Registration for the weekend was optionally anonymous in part because government employees planned to attend. Attendees, including reporters, were encouraged by signage to ask permission before taking photos of participants. At least one federal employee attended, as well as two federal contractors.
The federal data bucket brigade
On Saturday, participants listened to talks at a “teach-in” on the importance of collecting and preserving data and were trained on how best to lead the mass of helpers that would descend on Reiss Science Building at Georgetown on Sunday to “rescue” federal data. On Sunday, participants worked for hours to find, review, harvest and bag the data in a kind of “bucket brigade.”
The team’s “seeders and sorters” began first with looking for important URLs on the EPA’s Office of Environmental Information site. Others worked on jobs such as harvesting previously-flagged data sets, checking to make sure data sets were complete and adding descriptions to explain them.

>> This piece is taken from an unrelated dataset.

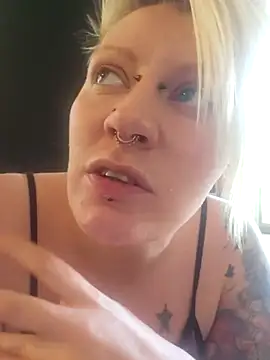 Snapshot of PinkTheHawk chatting on December 4, 2025, 2:54 am PinkTheHawk online show from December 4, 2025, 2:54 am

2 days. Over 250 people. 20 GB of data harvested. 4776 URLs seeded. 15 datasets bagged. 40 datasets described into @DataRefuge #datarescueDC pic.twitter.com/je4D7tAkAC
— Annalisa Dias (@ajdm) February 19, 2017
Reluctant to attend the post-inauguration Women’s March in Washington due to the large crowds, an attendee who goes by the hacker name Carabobcalcat said she felt more effective contributing from “behind a keyboard” — and in a measurable way — by saving data.
An EPA employee who attended and asked to remain anonymous said to FedScoop: “This represents decades of work that people have put in, when you consider the creation of a system, the maintaining of a system and the data quality. And the idea of that being washed away for any reason, political or non-political, is terrifying.”

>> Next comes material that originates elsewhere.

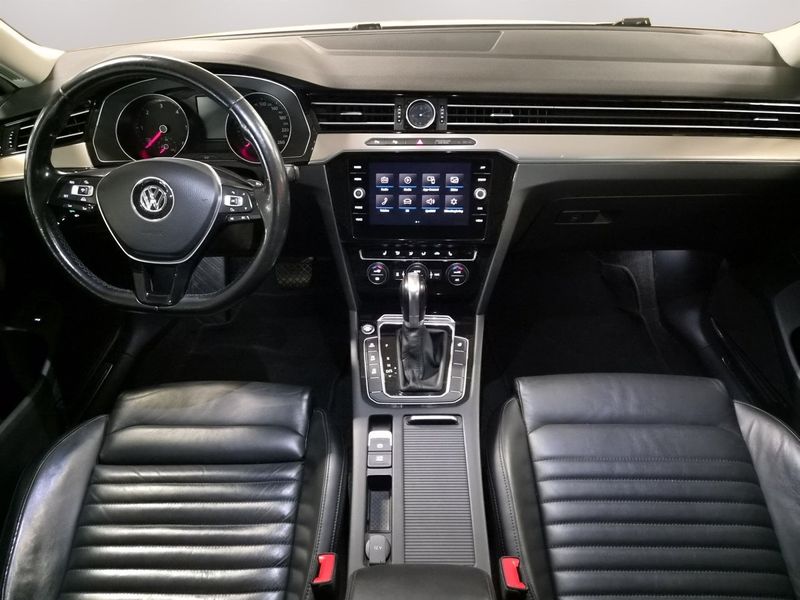 Volkswagen Passat bild 14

“This is something that should be done no matter what the administration is. And the fact that it wasn’t done before this administration came into place is in itself a problem,” the attendee said.
The EPA employee’s role in the event was to help rescuers understand what they were getting, and “point people to some of the data sets that are key and critical for preservation purposes, because there are certain places you can go where you can collect a lot of information at once and save a lot of time, effort and heartache.”

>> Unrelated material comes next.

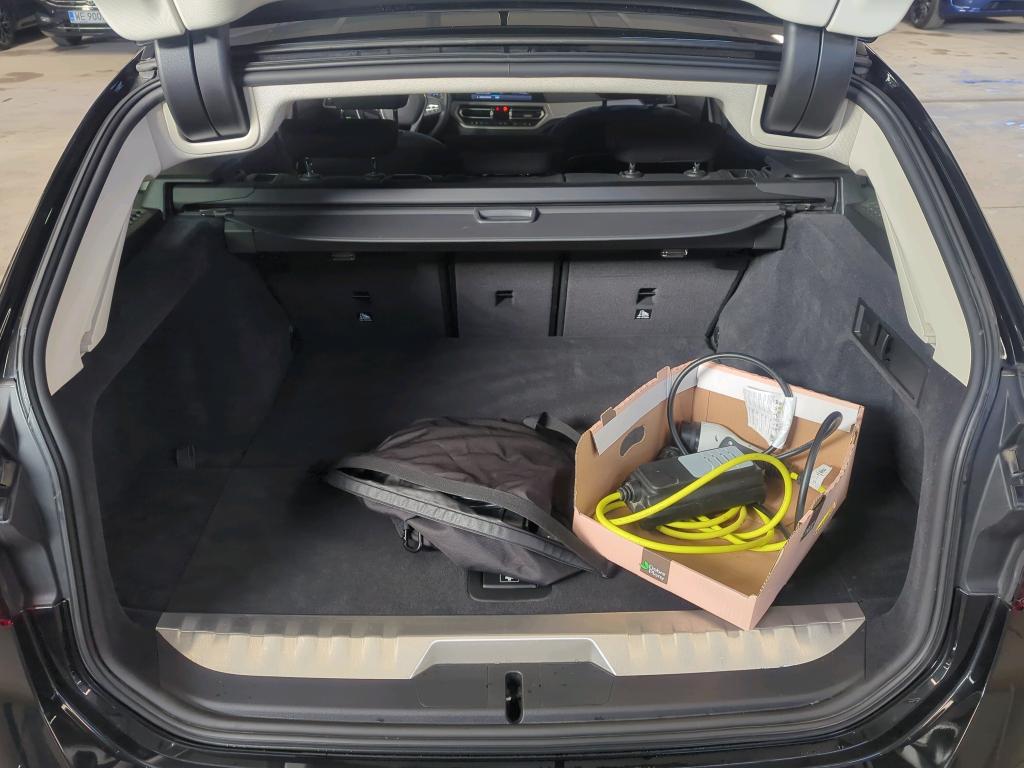 BMW Seria 3 2021 - zdjęcie 9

“We haven’t reached a point yet where I’ve seen anything that actually gives me reason to fear that data would vanish,” the employee said. “But you can’t complain about the effectiveness of an agency and say that it’s OK for their data to go away for any reason at the same time, because we’re only as good as our data. If the data is bad, if the data is gone, doing a good job to the taxpaying public is impossible.”
Choosing vulnerable data
“This is a unique presidential transition because of the vast amount of information that’s been made available online over the past eight years, especially after the Open Government Directive and the Open Government Plan and all of the significant efforts that have been made in federal agencies,” said Michael Halpern, deputy director at the Center for Science and Democracy for the Union of Concerned Scientists, in an interview with FedScoop.
The Union of Concerned Scientists is one of Data Refuge’s partners, and when the project was just getting started the group asked its network of scientists to take the survey to see what datasets they cared about, Halpern said.
The group has also “been connecting the projects with recently-retired senior scientists from agencies who understand, you know, how the data is set up and what the sort of whole ecosystem looks like and how different data sets fit together so that they can provide that kind of advice,” he said.
“I think it’s important to back up all government data,” he said. “Just by conducting this exercise the information becomes more resilient because the incentive to take it down becomes less because it exists elsewhere in a usable format.”